- Directions -
The expected output is each line in the data below that includes the string "isThisMe".

(Crawled caption data)
::::::::
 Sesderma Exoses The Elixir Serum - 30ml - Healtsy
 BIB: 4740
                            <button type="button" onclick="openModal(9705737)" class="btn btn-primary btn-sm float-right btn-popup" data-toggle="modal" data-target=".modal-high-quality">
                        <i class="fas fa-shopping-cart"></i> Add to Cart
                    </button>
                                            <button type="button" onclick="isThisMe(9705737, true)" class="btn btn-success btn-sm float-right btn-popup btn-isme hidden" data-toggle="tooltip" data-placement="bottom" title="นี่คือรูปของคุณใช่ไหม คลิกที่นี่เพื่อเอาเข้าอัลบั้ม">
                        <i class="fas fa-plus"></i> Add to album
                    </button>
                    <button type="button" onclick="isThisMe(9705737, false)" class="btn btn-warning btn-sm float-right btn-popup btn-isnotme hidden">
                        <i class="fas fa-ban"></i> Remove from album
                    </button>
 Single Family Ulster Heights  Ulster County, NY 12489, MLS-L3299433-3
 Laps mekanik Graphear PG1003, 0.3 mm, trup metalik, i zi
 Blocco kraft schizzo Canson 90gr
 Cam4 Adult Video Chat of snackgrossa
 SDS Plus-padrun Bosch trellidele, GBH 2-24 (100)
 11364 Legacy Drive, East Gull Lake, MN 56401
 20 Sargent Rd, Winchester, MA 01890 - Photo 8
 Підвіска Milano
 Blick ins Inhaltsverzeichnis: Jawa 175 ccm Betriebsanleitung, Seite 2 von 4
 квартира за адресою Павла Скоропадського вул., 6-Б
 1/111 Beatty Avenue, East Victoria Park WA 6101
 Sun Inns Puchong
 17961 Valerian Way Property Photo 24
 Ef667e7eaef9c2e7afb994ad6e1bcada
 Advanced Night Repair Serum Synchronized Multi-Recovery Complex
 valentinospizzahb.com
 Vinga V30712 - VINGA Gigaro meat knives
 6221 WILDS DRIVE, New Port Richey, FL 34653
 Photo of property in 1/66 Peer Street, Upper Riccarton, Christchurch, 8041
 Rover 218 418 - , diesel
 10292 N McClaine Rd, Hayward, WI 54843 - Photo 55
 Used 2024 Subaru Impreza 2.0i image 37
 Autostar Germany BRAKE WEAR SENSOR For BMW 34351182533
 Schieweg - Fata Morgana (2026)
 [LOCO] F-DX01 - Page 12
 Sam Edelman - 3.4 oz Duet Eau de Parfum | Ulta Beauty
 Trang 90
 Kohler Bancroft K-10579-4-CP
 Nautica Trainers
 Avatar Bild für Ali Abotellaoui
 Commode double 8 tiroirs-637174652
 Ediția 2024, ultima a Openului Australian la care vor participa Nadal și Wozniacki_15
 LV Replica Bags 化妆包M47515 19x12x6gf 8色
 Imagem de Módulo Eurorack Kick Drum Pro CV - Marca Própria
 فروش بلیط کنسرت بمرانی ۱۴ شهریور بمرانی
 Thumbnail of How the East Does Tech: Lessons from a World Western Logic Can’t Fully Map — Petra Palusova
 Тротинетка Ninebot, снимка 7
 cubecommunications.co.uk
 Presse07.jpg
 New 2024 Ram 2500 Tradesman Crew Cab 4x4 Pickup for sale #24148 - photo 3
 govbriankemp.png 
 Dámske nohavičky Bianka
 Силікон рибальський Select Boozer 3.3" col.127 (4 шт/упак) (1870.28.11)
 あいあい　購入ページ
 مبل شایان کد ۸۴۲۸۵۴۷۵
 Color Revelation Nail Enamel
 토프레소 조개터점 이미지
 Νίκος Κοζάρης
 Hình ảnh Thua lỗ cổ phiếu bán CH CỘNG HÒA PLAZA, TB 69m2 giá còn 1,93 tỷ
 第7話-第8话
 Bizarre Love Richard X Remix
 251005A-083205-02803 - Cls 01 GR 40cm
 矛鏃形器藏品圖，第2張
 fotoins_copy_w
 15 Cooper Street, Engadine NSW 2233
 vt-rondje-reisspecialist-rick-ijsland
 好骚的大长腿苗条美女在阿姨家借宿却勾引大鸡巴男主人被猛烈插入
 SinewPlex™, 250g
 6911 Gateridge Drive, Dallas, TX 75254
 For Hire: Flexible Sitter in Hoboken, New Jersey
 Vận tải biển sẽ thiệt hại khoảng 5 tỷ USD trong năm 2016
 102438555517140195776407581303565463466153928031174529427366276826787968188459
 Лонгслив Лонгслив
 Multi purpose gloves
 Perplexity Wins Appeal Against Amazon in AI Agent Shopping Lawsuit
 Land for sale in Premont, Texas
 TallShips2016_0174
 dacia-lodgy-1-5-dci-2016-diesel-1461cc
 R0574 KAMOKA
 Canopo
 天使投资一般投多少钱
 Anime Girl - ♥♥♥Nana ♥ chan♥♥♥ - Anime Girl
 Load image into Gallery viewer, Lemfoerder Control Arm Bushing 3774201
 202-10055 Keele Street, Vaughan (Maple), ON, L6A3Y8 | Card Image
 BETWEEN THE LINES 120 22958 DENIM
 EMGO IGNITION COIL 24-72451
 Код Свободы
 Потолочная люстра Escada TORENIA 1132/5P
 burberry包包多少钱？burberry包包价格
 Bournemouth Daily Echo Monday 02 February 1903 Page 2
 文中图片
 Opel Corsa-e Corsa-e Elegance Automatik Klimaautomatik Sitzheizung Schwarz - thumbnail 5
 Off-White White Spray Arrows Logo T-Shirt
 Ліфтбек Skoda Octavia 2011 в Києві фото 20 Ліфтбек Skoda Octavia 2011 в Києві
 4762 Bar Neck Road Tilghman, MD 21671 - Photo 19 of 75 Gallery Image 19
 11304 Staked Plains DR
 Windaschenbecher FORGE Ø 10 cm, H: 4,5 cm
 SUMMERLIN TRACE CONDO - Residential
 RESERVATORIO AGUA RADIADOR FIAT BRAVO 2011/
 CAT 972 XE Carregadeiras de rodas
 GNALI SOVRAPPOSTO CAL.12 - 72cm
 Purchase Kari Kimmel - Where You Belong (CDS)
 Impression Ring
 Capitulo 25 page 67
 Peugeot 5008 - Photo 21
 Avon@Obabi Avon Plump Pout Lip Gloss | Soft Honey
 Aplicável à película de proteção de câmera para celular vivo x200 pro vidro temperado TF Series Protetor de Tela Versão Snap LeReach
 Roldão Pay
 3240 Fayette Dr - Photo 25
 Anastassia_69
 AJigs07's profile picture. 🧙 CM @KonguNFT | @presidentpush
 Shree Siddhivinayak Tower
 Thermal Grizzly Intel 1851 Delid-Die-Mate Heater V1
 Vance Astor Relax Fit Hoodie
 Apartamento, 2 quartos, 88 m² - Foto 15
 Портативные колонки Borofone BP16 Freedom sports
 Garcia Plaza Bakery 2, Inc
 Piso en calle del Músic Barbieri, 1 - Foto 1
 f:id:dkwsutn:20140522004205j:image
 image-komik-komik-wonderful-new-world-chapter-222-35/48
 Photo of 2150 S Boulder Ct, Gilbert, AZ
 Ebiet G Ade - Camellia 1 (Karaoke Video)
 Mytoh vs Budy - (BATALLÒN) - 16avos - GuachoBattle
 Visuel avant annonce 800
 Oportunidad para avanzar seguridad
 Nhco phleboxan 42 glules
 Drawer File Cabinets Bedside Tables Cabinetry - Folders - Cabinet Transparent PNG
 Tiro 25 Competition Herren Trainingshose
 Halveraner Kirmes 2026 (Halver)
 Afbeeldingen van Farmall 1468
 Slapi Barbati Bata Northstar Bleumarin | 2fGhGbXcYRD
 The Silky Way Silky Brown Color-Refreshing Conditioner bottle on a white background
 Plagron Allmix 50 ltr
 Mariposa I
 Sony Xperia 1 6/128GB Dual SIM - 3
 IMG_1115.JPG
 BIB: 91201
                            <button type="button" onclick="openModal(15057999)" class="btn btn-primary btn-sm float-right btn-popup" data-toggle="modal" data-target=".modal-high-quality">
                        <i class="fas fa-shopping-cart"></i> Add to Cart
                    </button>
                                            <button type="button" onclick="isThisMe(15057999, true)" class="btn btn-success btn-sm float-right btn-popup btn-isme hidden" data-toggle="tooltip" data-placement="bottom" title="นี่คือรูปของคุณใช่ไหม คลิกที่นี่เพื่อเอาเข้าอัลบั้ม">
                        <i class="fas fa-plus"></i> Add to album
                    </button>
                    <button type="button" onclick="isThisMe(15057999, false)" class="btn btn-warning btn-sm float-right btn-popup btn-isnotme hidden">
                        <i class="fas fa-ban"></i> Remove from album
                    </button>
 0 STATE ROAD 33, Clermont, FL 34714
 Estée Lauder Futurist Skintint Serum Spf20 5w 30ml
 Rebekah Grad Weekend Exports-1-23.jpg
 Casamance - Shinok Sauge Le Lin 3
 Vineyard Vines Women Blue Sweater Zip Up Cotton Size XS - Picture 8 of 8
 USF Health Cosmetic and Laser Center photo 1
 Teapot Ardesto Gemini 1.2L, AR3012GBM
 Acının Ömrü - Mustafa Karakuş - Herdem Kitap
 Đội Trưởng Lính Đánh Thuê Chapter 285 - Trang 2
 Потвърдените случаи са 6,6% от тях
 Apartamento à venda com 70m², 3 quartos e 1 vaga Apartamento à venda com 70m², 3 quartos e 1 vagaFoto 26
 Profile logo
::::::::
- Result for this exercise -
                                            <button type="button" onclick="isThisMe(9705737, true)" class="btn btn-success btn-sm float-right btn-popup btn-isme hidden" data-toggle="tooltip" data-placement="bottom" title="นี่คือรูปของคุณใช่ไหม คลิกที่นี่เพื่อเอาเข้าอัลบั้ม">
                    <button type="button" onclick="isThisMe(9705737, false)" class="btn btn-warning btn-sm float-right btn-popup btn-isnotme hidden">
                                            <button type="button" onclick="isThisMe(15057999, true)" class="btn btn-success btn-sm float-right btn-popup btn-isme hidden" data-toggle="tooltip" data-placement="bottom" title="นี่คือรูปของคุณใช่ไหม คลิกที่นี่เพื่อเอาเข้าอัลบั้ม">
                    <button type="button" onclick="isThisMe(15057999, false)" class="btn btn-warning btn-sm float-right btn-popup btn-isnotme hidden">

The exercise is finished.